▶ The data
= Beginning of Section =

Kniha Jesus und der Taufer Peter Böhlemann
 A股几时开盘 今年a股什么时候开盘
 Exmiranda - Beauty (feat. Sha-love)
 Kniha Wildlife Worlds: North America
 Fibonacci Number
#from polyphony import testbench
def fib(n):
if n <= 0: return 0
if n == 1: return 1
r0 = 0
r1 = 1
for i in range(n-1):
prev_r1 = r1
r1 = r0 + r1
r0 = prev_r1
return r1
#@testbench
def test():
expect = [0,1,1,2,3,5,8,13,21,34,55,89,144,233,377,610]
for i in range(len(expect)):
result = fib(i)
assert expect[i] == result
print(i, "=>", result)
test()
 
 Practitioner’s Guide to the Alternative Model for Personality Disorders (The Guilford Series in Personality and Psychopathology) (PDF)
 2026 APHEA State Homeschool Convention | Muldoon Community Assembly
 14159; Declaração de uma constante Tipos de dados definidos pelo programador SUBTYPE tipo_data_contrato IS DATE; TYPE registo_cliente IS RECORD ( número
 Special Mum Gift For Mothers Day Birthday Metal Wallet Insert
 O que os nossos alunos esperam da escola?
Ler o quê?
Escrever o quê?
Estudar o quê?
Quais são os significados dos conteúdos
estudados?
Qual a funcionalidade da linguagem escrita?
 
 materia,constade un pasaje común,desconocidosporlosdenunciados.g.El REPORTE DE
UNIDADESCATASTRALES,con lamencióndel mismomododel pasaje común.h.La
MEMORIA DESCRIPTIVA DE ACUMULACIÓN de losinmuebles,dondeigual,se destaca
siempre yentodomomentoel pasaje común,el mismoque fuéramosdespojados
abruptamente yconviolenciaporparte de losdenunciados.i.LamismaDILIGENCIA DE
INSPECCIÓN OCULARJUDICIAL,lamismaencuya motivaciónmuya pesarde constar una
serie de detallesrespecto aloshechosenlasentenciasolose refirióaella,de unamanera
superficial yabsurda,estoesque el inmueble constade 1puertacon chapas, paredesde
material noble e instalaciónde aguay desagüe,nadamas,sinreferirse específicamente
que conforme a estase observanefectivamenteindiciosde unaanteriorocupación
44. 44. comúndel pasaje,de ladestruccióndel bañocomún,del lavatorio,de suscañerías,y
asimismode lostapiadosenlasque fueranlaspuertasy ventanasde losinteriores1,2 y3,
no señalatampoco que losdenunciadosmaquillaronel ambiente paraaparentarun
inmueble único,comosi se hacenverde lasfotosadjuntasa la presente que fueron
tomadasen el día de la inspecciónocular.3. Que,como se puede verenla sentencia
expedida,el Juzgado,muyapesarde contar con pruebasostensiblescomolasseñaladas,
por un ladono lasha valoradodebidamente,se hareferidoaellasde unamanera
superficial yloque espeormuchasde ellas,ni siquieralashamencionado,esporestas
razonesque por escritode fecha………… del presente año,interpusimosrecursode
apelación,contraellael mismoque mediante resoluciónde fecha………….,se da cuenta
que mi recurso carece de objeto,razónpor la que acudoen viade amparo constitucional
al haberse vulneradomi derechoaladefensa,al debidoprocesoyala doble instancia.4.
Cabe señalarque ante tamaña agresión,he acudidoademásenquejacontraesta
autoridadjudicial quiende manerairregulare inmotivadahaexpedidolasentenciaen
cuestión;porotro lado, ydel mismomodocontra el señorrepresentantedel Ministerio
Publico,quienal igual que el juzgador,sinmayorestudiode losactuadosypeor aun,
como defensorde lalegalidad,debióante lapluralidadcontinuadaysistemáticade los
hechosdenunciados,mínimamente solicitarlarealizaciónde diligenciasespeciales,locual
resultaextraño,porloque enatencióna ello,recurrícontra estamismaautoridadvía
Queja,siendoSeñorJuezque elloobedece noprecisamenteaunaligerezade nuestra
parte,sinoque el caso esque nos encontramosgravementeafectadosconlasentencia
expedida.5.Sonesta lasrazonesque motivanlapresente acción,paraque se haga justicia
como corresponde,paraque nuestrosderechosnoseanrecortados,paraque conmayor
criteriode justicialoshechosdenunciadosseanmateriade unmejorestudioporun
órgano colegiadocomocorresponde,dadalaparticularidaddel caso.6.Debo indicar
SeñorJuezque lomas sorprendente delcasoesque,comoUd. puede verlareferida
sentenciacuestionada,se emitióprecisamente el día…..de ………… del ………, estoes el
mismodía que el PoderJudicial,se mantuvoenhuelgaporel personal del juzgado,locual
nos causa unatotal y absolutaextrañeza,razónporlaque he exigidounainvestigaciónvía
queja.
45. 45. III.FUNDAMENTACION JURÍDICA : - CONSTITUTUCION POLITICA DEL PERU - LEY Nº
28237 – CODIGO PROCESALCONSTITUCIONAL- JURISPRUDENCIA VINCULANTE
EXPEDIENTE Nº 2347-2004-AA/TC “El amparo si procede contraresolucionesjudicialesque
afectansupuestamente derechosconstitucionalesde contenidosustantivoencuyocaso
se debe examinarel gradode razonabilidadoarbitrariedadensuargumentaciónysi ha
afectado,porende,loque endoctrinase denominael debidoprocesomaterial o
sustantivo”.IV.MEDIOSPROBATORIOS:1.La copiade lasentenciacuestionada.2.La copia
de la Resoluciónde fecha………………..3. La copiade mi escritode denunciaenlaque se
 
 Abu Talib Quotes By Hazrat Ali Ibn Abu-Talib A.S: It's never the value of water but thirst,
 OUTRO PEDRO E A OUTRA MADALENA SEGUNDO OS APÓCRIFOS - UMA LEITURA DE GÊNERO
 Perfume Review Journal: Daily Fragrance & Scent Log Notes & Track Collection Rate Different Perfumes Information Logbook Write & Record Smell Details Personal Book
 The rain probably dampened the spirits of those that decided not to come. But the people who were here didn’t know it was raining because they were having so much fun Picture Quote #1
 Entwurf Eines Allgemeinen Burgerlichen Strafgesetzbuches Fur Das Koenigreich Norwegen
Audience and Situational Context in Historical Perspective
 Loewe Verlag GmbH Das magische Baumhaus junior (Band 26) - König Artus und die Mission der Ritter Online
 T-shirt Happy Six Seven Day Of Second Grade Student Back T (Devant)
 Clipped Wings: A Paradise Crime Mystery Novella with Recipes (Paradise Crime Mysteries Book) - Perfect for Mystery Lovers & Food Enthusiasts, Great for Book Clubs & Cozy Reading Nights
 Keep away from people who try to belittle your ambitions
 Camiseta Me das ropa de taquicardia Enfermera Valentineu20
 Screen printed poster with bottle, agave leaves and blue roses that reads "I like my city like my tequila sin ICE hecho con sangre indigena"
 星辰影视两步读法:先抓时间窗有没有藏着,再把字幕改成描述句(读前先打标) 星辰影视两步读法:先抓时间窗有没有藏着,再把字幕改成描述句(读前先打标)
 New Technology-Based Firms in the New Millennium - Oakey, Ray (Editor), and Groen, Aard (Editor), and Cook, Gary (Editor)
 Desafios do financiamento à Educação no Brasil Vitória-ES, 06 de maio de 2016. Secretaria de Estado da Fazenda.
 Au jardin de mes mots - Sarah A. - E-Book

= End of Section =

▶ Aim of the task
From the material above, set down exactly the lines starting at the one with "que conforme a" and ending at the one with "tomadasen el día", end lines included.

▶ Answer section
que conforme a estase observanefectivamenteindiciosde unaanteriorocupación
44. 44. comúndel pasaje,de ladestruccióndel bañocomún,del lavatorio,de suscañerías,y
asimismode lostapiadosenlasque fueranlaspuertasy ventanasde losinteriores1,2 y3,
no señalatampoco que losdenunciadosmaquillaronel ambiente paraaparentarun
inmueble único,comosi se hacenverde lasfotosadjuntasa la presente que fueron
tomadasen el día de la inspecciónocular.3. Que,como se puede verenla sentencia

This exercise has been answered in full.